Jenes Verhältnis der Kriterien ergibt sich auch aus Art. 83 Abs. 4 DSGVO. Danach ergibt sich für schwere Datenschutzverstöße umsatzschwacher Unternehmen gerade keine allgemeine am Umsatz orientierte Bußgeldobergrenze. Vielmehr ist eine Obergrenze von 10 000 000 EUR vorgesehen, die bei sehr umsatzstarken Unternehmen erhöht wird. Der Gesetzgeber ermöglicht es daher den Aufsichtsbehörden und Gerichten, bei schweren Datenschutzverstößen auch gegen umsatzschwache Unternehmen hohe, gegebenenfalls auch existenzbedrohende Geldbußen zu verhängen.

Bei gering gewichtigen Datenschutzverstößen umsatzstarker Unternehmen ist eine maßgebliche Orientierung am Umsatz bei der Zumessung der Geldbuße in gleicher Weise nicht zielführend. Eine Geldbuße muss nach Art. 83 Abs. 1 DSGVO zwar wirksam und abschreckend sein. Beide Gesichtspunkte verlieren bei Datenschutzverstößen von geringem Gewicht aber immens an Bedeutung. Stets muss die Geldbuße nach Art. 83 Abs. 1 DSGVO auch verhältnismäßig sein.

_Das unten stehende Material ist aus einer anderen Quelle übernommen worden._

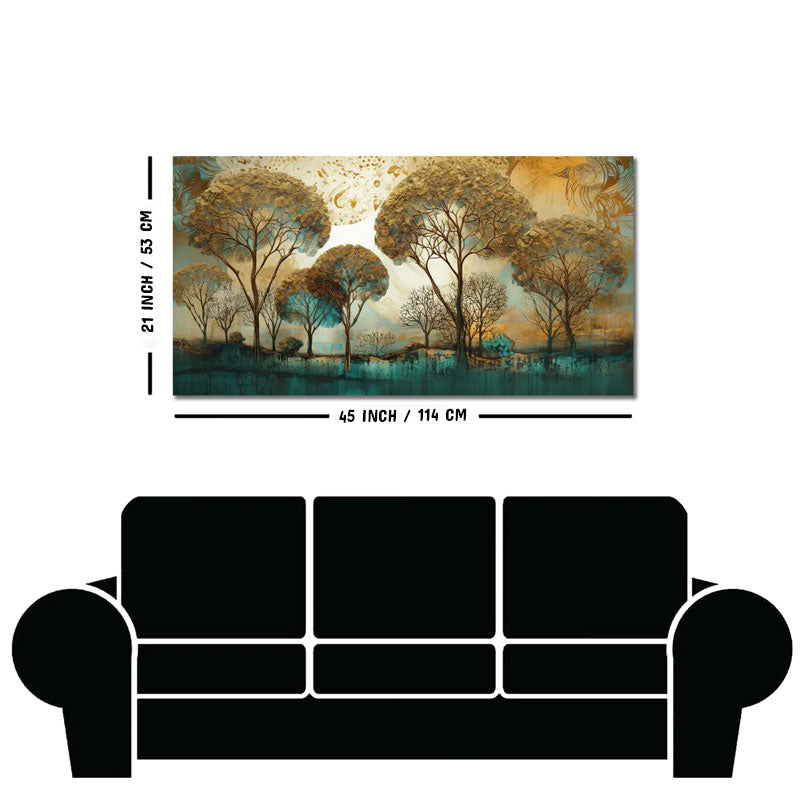 Abstract Forest Tree Artistic Art Canvas Wall Painting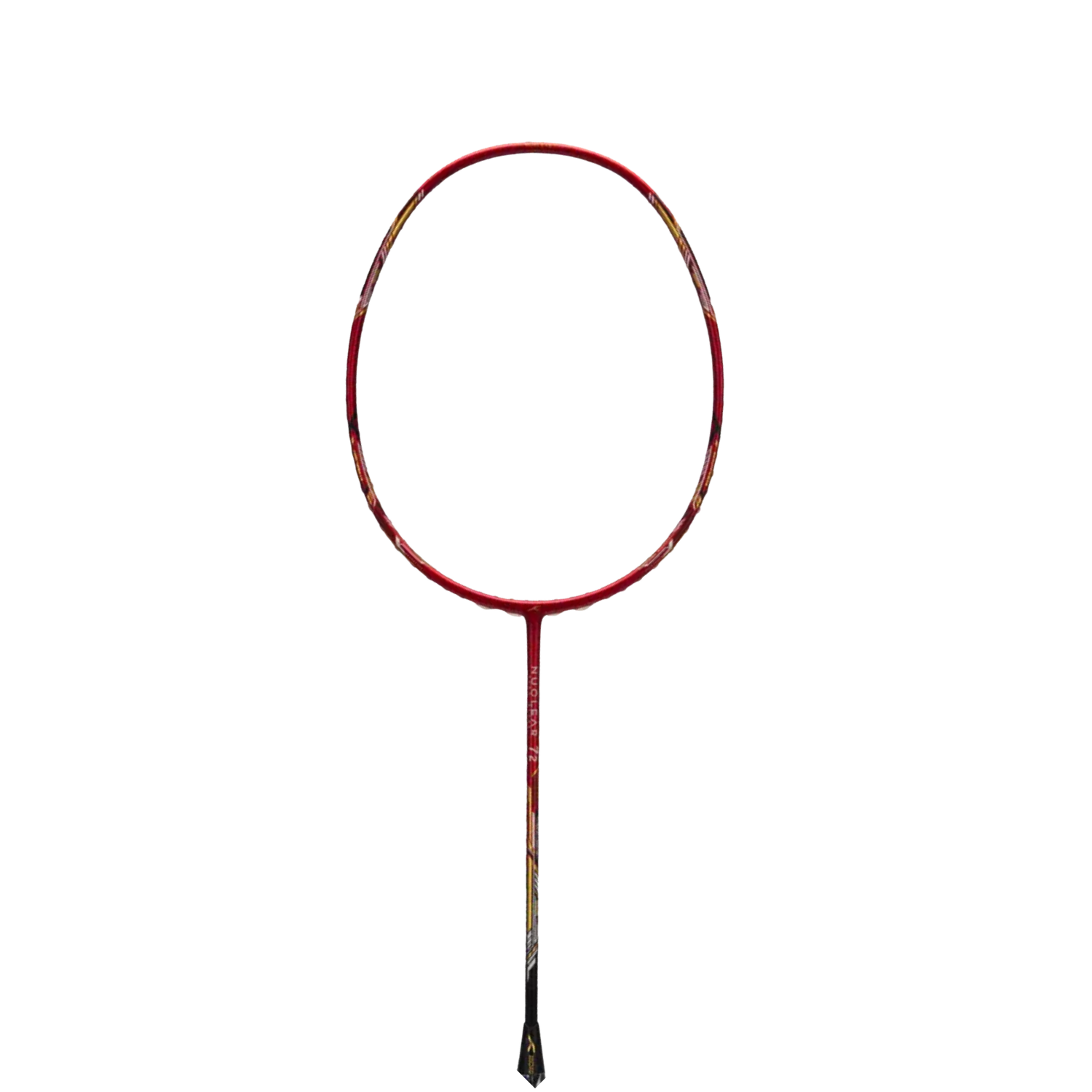 Hundred Nuclear 72 6U Badminton Racket - Dark Red/Black/Gold Badminton Rackets Hundred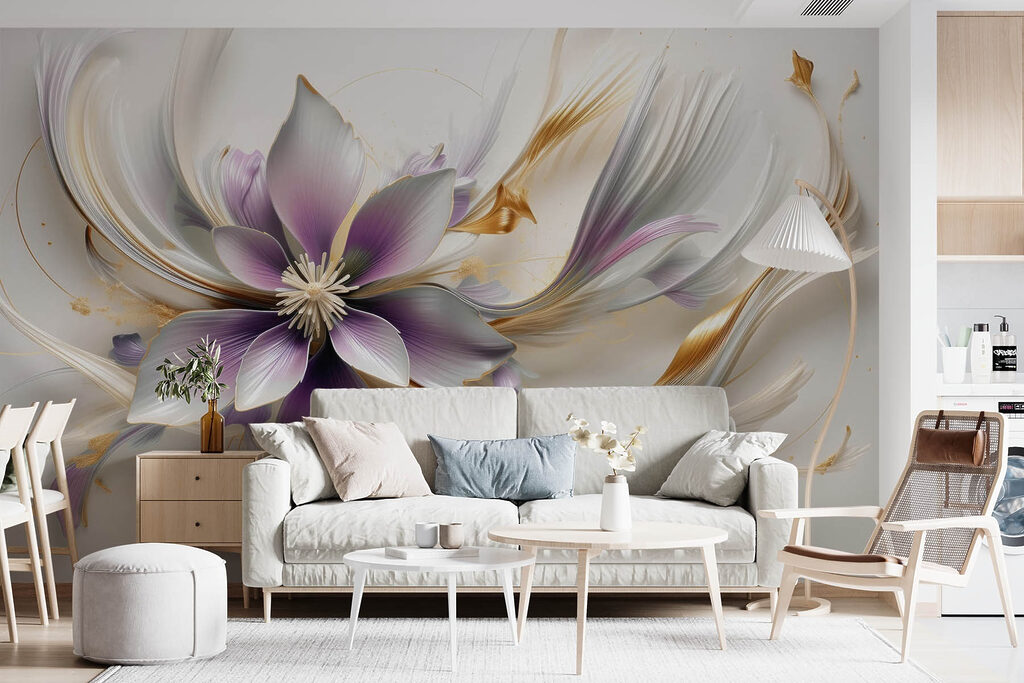 Elegant floral design in soft hues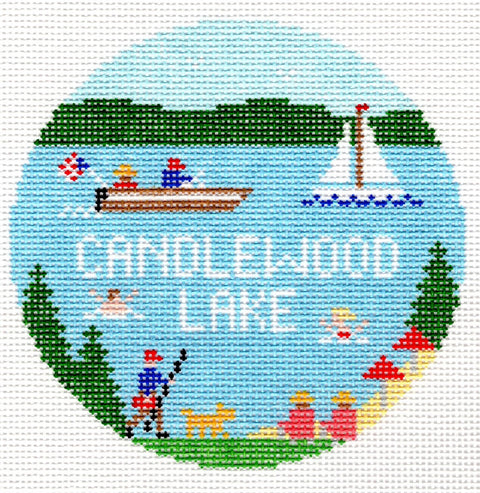 Candlewood Lake, CT Round (Doolittle Stitchery)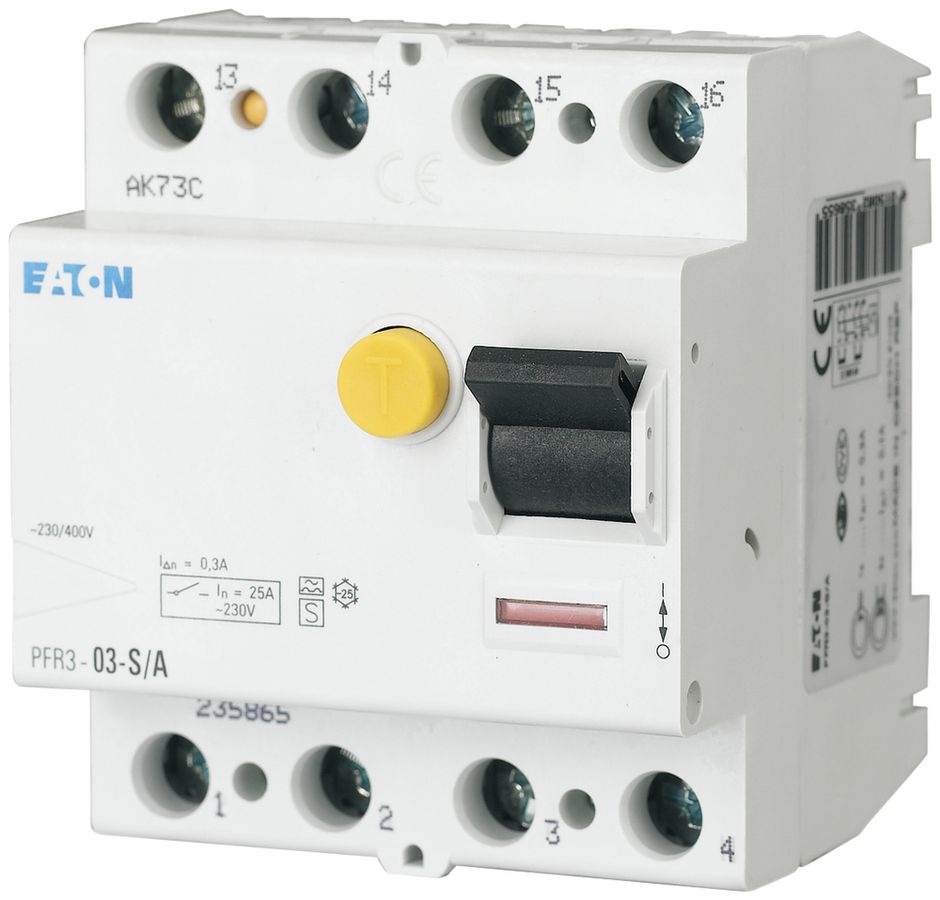 Fehlerstromschutzschalter Eaton PFIM 4P 100A 300mA Typ S/A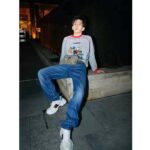 Gucci Unisex Disney x Gucci Donald Duck Print Belt Bag Leather Interlocking G – Image 13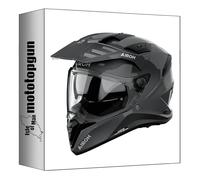airoh Casco Dual para Moto Bandit ba99 Color Gris Oscuro Gloss Tamano l mototopgun ai64a13111j0c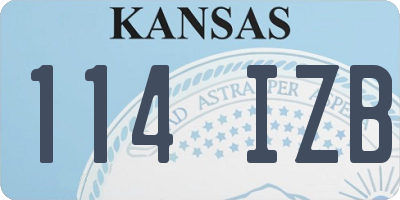 KS license plate 114IZB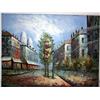 Image 3 : Oil on Canvas of Street Scene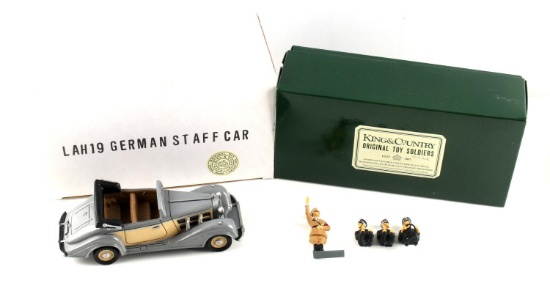 KING & COUNTRY HITLER'S STAFF CAR 5 PIECE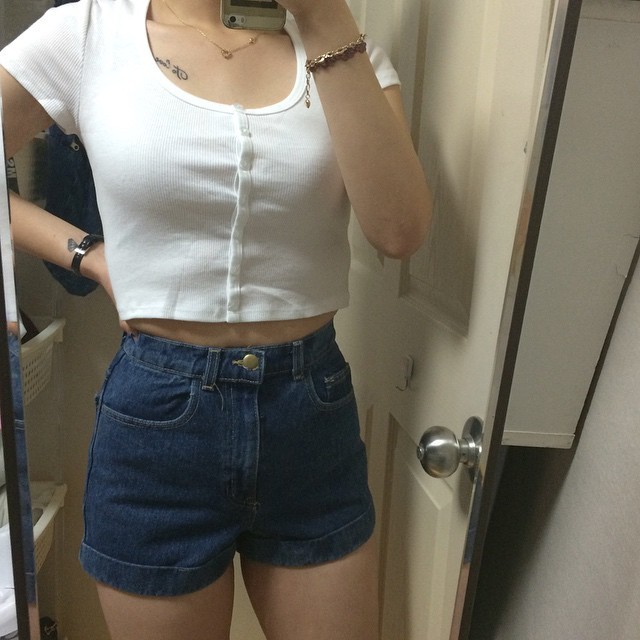 아메리칸 어패럴 입은 처자들의 패션 몸매가 ㅎㄷㄷㄷㄷㄷㄷ 호불호 甲 | 인스티즈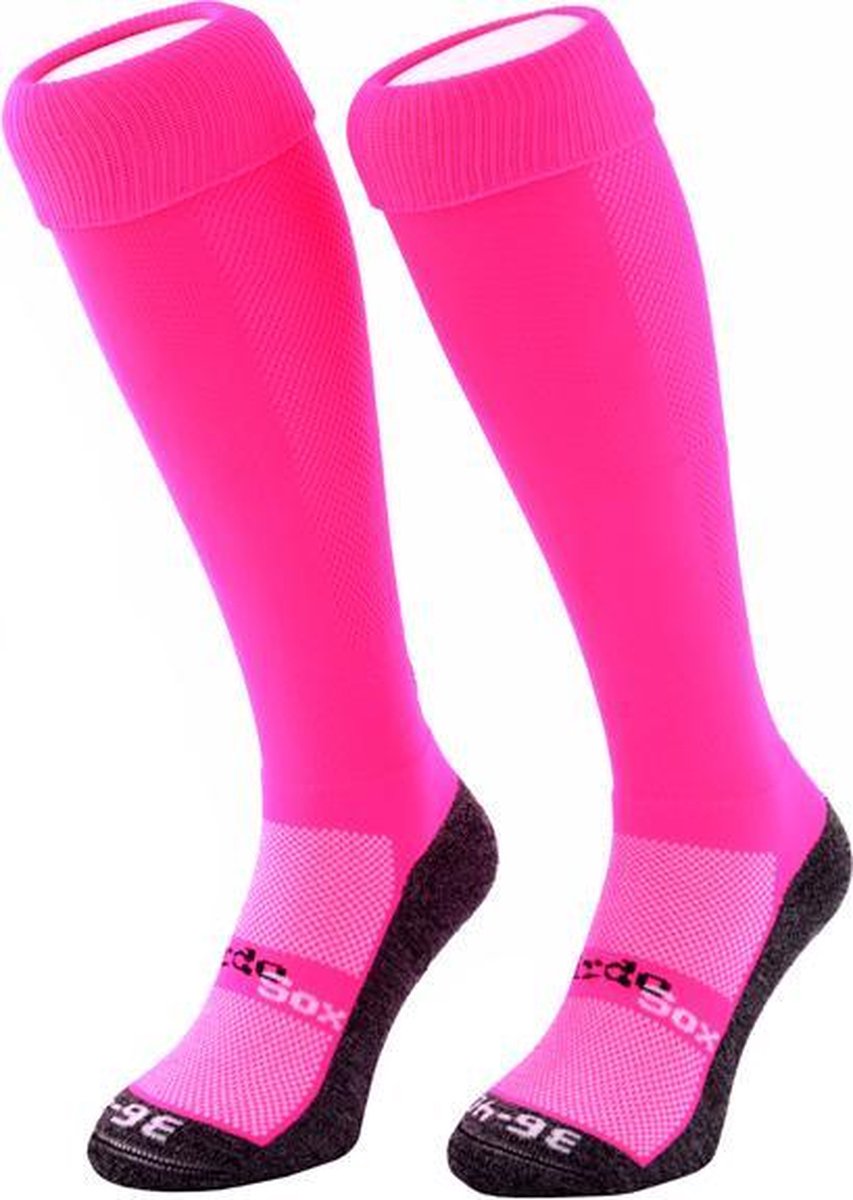 WeirdoSox sportsokken Fluor Roze, hockeysokken, voetbalsokken - Maat 36/40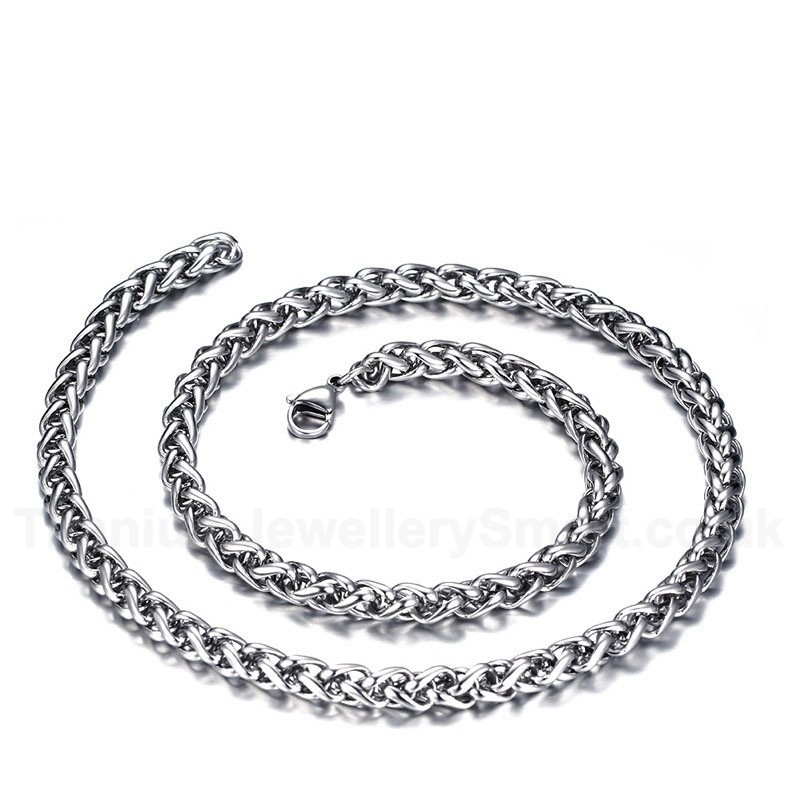 Men's Titanium Necklace Twist Chain NC-04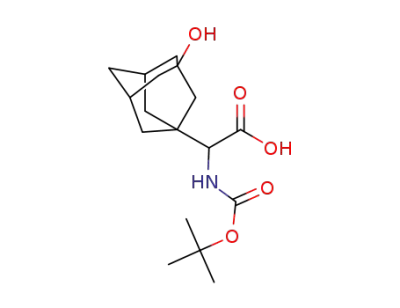N-tert-butoxycarbonyl-3-hydroxy-1-adamantaneglycine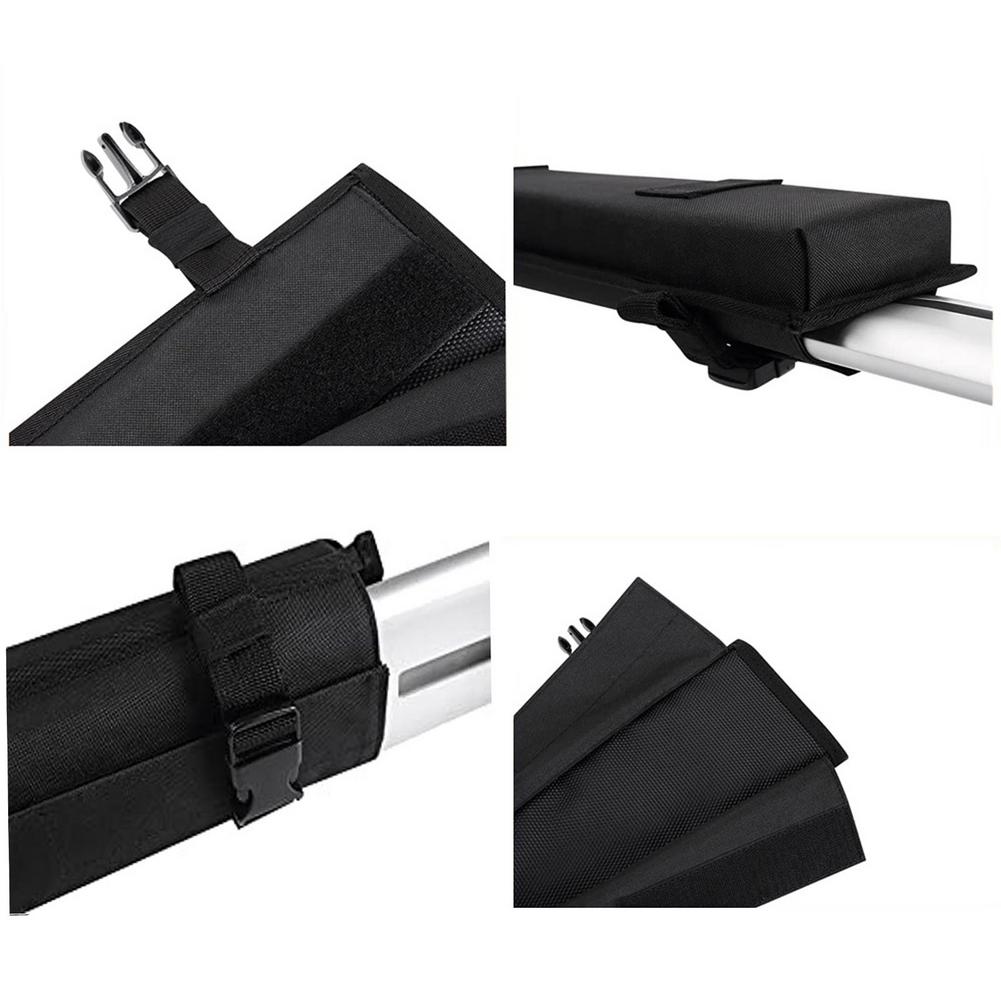 Universal Car Roof Rack Cross Bar Soft Roof Bar Space Saving Easy To Install Luggage Frame Suitable For Cars With Roof Beams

Bei dem vorliegenden Verstoß des Telekommunikationsunternehmens gegen Art. 32 DSGVO handelt es sich um einen Datenschutzverstoß mit überwiegend mildernden Gesichtspunkten. Weder waren sensible Daten betroffen waren, noch kam es zu einer nachweisbaren Schädigung des Kunden. Unter umfassender Abwägung aller Umstände hat das LG Bonn trotz des hohen Bußgeldrahmens eine Geldbuße in Höhe von 900 000 EUR anstatt der vom BfDI geforderten 9 550 000 EUR festgelegt.